Smith himself is hardly a cloistered cleric. He was a captain in the U.S. Army Judge Advocates Corp and has been a practicing business lawyer for 35 years.
Marquette’s AAUP will continue to push forward, says Smith. On September 9, at 7 p.m., Dr. Bunsis will give an online presentation of his analysis of Marquette’s finances. Any member of the public can login: shorturl.at/tAJS2.
Smith says they will continue to push the administration to work with the entire Marquette community. At the August 30 senate meeting, a resolution was proposed to create a faculty budget and financial planning committee to work with the administration. That resolution should be voted on at the next Marquette Senate meeting.
Griffith states that there is already faculty representation on the present University Financial Planning and Review Committee, but several professors have suggested the faculty representation on that committee does not represent the full range of opinions in the MU community.

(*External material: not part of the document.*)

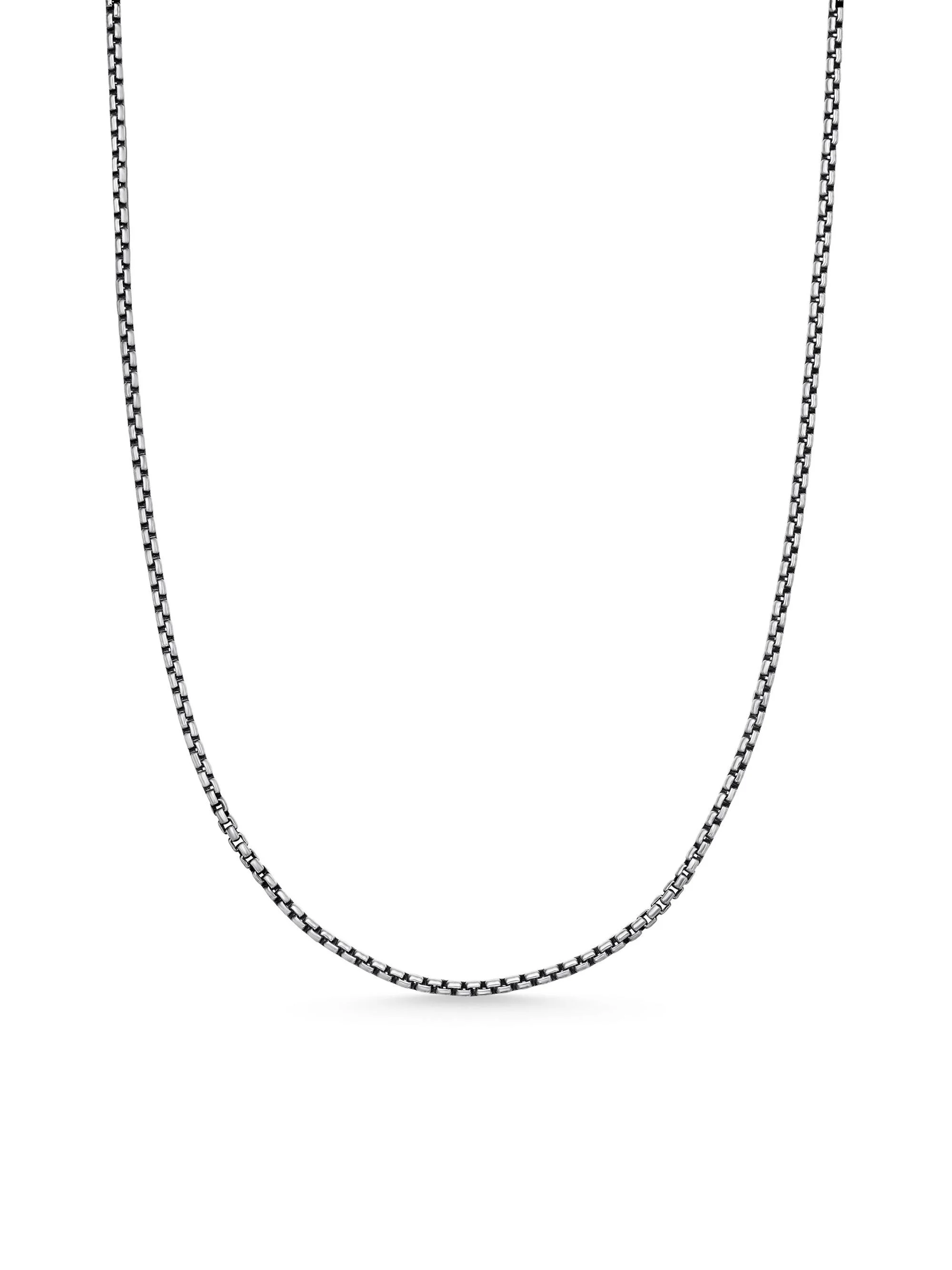 Men's Box Chain Necklace - Sterling Silver - 1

One is that too many members of the Marquette community are trying to hold on to the past. The university must be more realistic about the declining enrollments due to demographic changes and market forces. The administration understands this and wants to make bold innovations to establish a solid future for Marquette.
The other is that Marquette needs to be more than just a technical school dancing to the tune of market forces. In its effort to maintain financial and enrollment stability, it cannot lose its Catholic Jesuit liberal arts soul. Otherwise, there is no reason for it to exist. But it can change and even grow if it holds on to its established roots.
Smith says he isn’t looking for confrontation with the administration. While they have some differences in how they see the university, all must come together. But he believes the administration is reluctant to commit to shared governance with the Marquette community. “Change is inevitable,” Smith says, “and we do have to think about where the future is going to go and how we best prepare for it.”